Can anger be positive?

We usually think of anger as a negative emotion. According to the Bible, the intemperate expression of rage (wrath) is considered to be a vice, one of the 7 Deadly Sins. However, at EvaSins, we believe that anger is a constructive and positive emotion that we should not be afraid to embrace. As long as they are used for the right purposes, all emotions can have their upsides.

It is true that sometimes when angry, we do stupid things. We lead ourselves to a self-destructive or negative behaviour without noticing the risks. Many of us are even trying to hide or repress it because sometimes it can be rather difficult to control. 

But when has a repressed emotion done any good to anyone?

We tend to forget that this emotion is never there without a reason. Imagine a world without anger, where there is no emotion to express how injustice feels. Expressing our anger is a way for us to present our frustrations to the wrongdoers (injustices, insults, disrespect, exploitation). 

Many are the mental health professionals who support the idea that anger can be helpful or even healthy. Just like all the other emotions, it has its purposes and it can be used for a good effect. When we use it in a constructive way (when it is not used to vent bad feelings), anger can consist of a way to resolve a problem. 

The physical and emotional stress that we feel when we are angry, is the force that motivates us to do something about it. Anger can give us the strength and the aggression that we need in order to overcome a stronger enemy or a hard situation.

It empowers us and makes feel the need to be in control. Our angry emotions can provide the necessary information and self insight that will allow us to better engage with the situation. As a result, it will lead to the first step in negotiating a solution to the problem and be closer to our goal. 

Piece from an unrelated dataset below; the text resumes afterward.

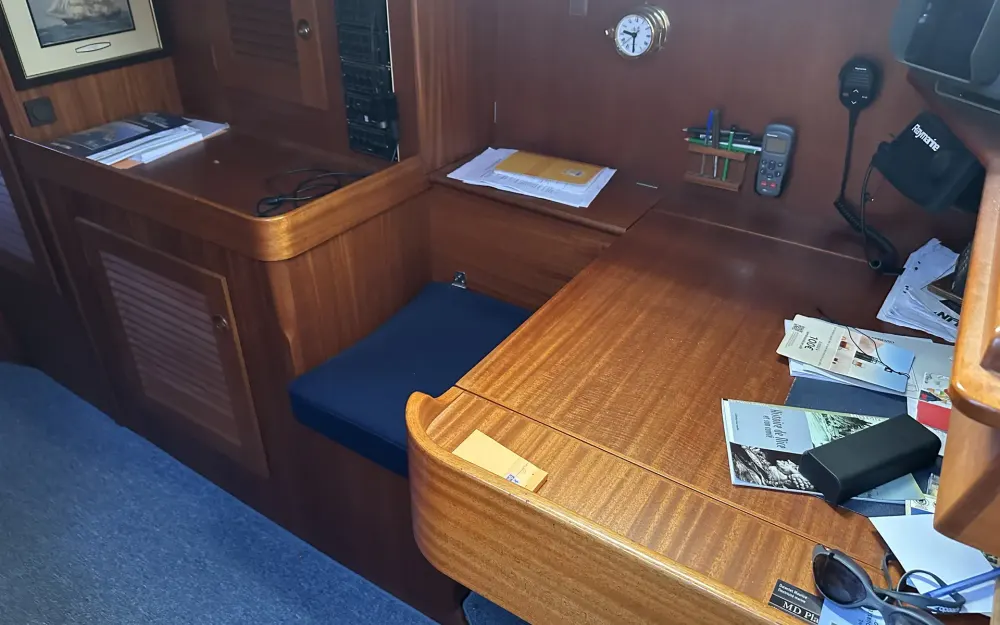 slider 27 Hallberg Rassy  42F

Constructive anger is also associated with optimism and positivity. When we feel angry, we are more positive about our ability to change a situation. As a result, we begin to focus on what we are trying/hoping to achieve. 

The angry man is aiming at what he can attain, and the belief that you will attain your aim is pleasant.” —Aristotle

To conclude, the hardest part about practising constructive anger is being conscious of how we feel at the time when a situation causes us this particular emotion. The real challenge is not to repress our feelings but to channel that energy towards solutions.